Pengamat Khawatir Kemiskinan Picu Golput di Kepri

Pilpres dan Kemiskinan
Foto: Republika/Yogi Ardhi
Pilpres dan Kemiskinan

REPUBLIKA.CO.ID, TANJUNGPINANG -- Kemiskinan merupakan salah faktor pemilih menjadi golongan putih atau tidak menggunakan hak suara pada pemilu di Provinsi Kepulauan Riau, kata pengamat politik Suradji, di Tanjungpinang, Minggu.

"Menurut hasil penelitian saya, ada beberapa pemicu pemilih tidak menggunakan hak pilihnya. Pertama, rendahnya tingkat kesejahteraan pemilih," ujar Suradji, yang juga Direktur Lembaga Kajian Kebijakan Publik dan Politik Lokal.

Menurut dia, sebagian masyarakat kurang mampu cenderung masih mementingkan bekerja untuk mendapatkan uang. Mereka menilai perekonomian rumah tangganya tidak akan berubah hanya dengan ikut mencoblos.

Sikap pesimistis itu yang mendorong mereka tetap bekerja dan tidak meluangkan waktu untuk menggunakan hak pilih di tempat pemungutan suara (TPS).

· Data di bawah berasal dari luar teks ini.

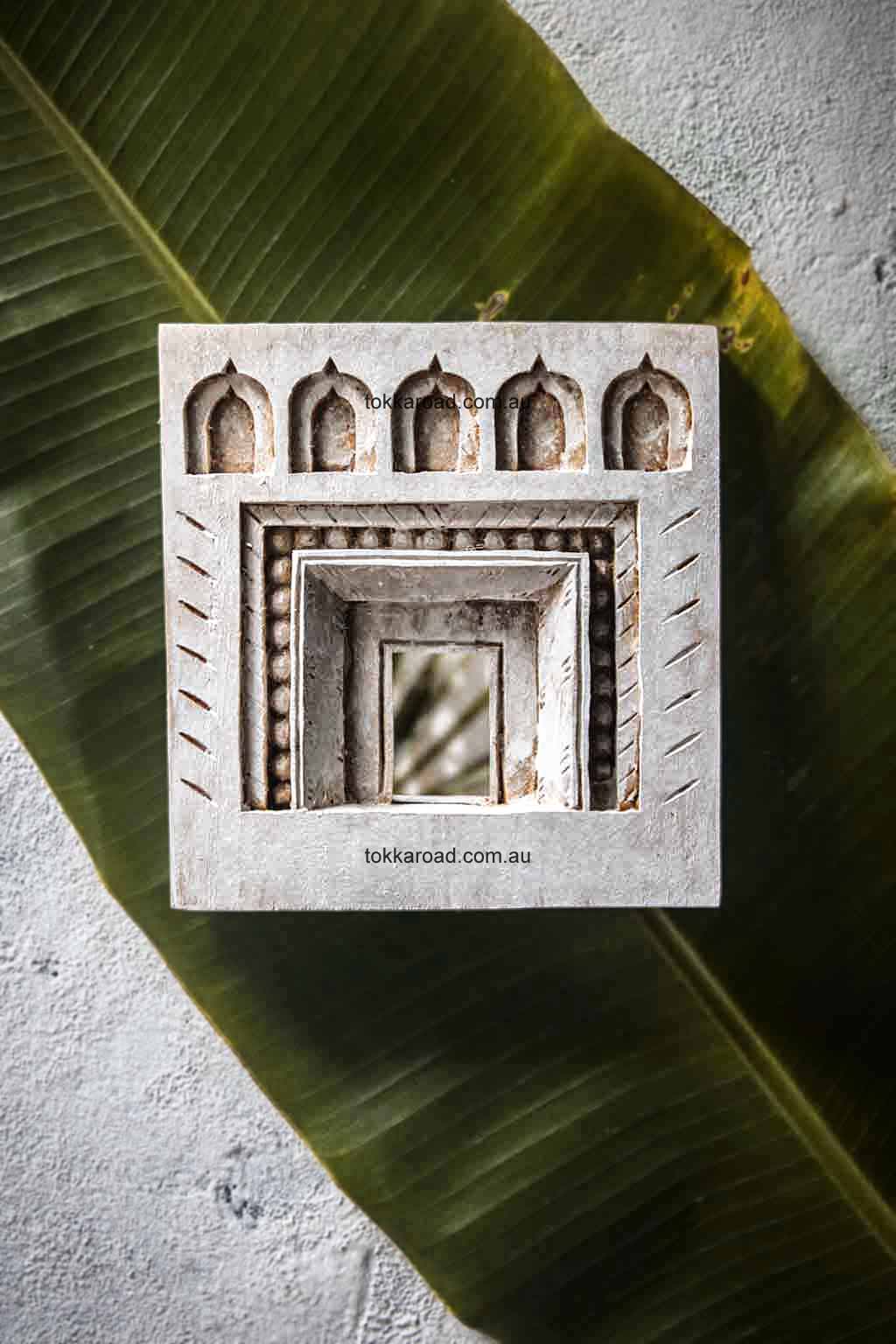 Vintage Temple Mirrors Square 3-0154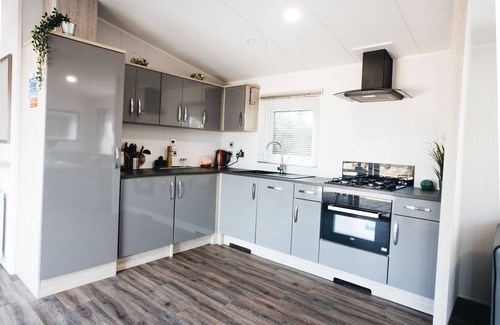 Barmston Cottage | Comfortable Lodge for 6 with Spa and Hot Tub Amenities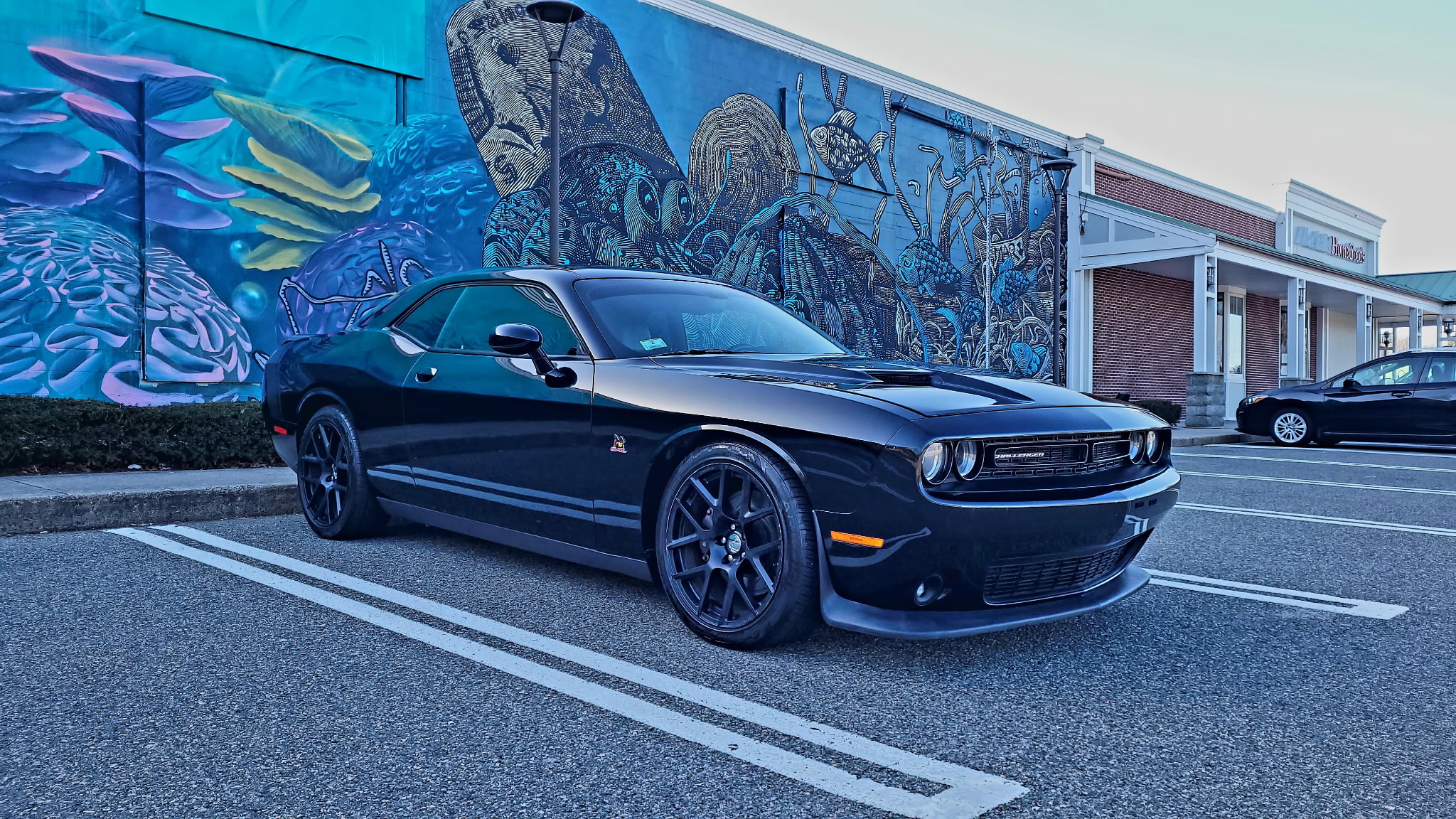 Used 2015 Dodge Challenger R/T Scat Pack w/ Scat Pack Appearance Package RWD image 8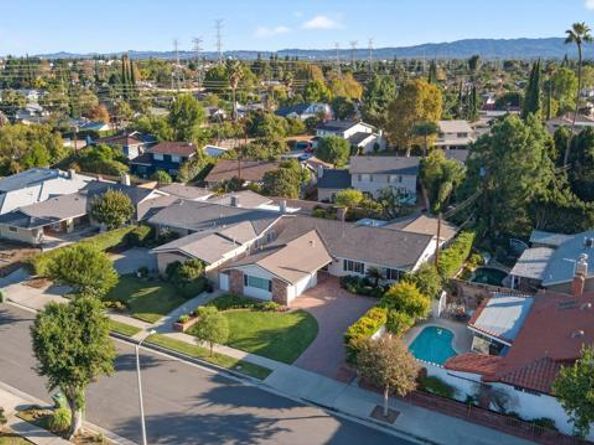 18924 Halsted Street, Northridge (los Angeles) CA 91324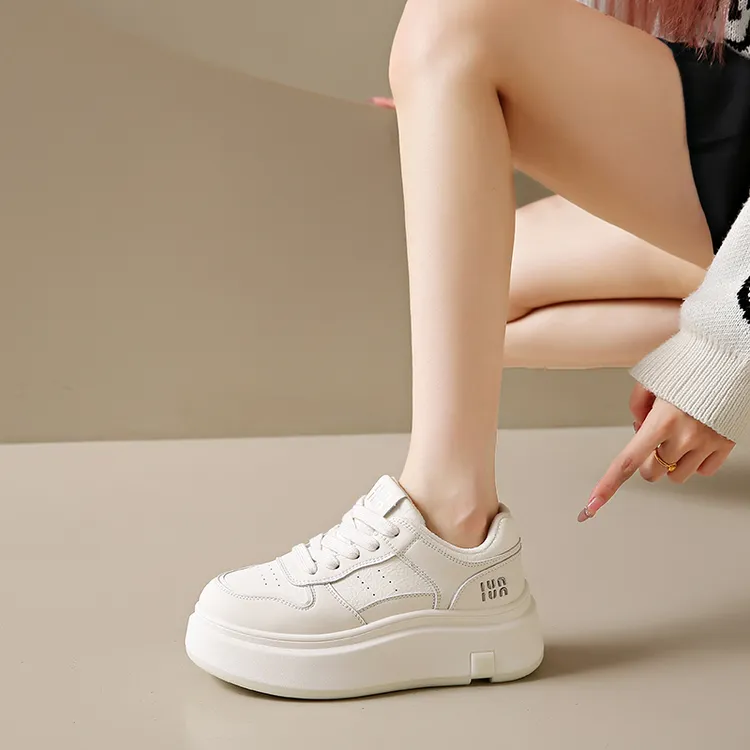 爆款真皮厚底小白鞋板鞋百搭春季潮款上班夏季款休闲女鞋ins鞋子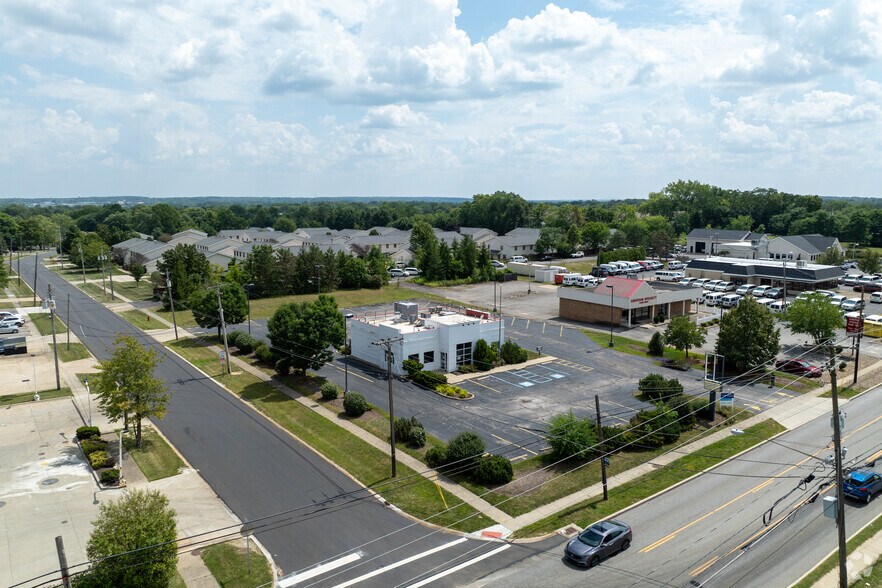 More Photos Of 1245 Pearl Rd, Brunswick Fast Food For Lease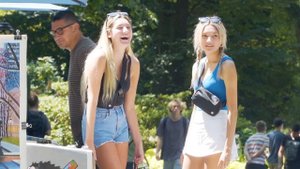 Funny Wet Fart Prank in Central Park!  Farting to the SKIES!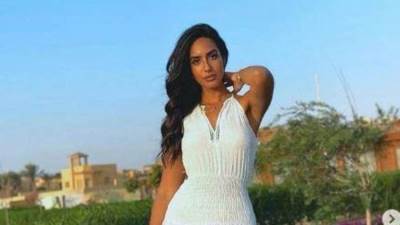 بسبب اسمها.. موديل اعلانات تتلقى تهديدات بالقتل.. "تدمير شيرين عبدالوهاب"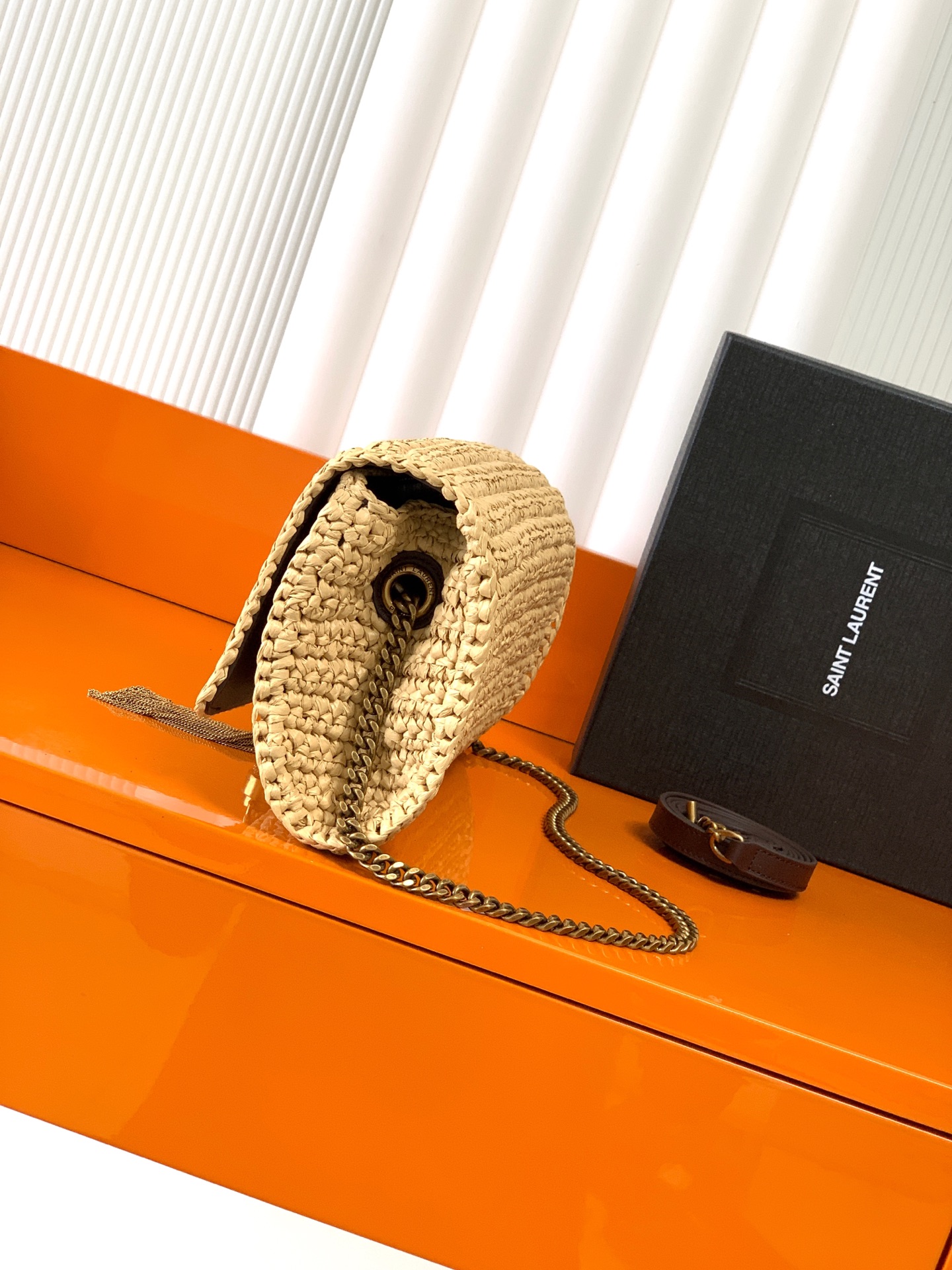 Y51 kate -26x13.5x4.5cm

"Perekonomian yang sulit menimbulkan ada stigma negatif. Mereka berpikir, untuk apa buang-buang waktu ke TPS, karena lebih baik melaut, ke ladang dan lain sebagainya," ungkapnya, yang juga staf pengajar di Fakultas Ilmu Sosial dan Ilmu Politik Universitas Maritim Raja Ali Haji.

Berdasarkan hasil survei Lembaga Kajian Kebijakan Publik dan Politik Lokal, golput juga dipicu sikap skeptis terhadap perilaku elit-elit politik yang gagal memenuhi janji-janji politik.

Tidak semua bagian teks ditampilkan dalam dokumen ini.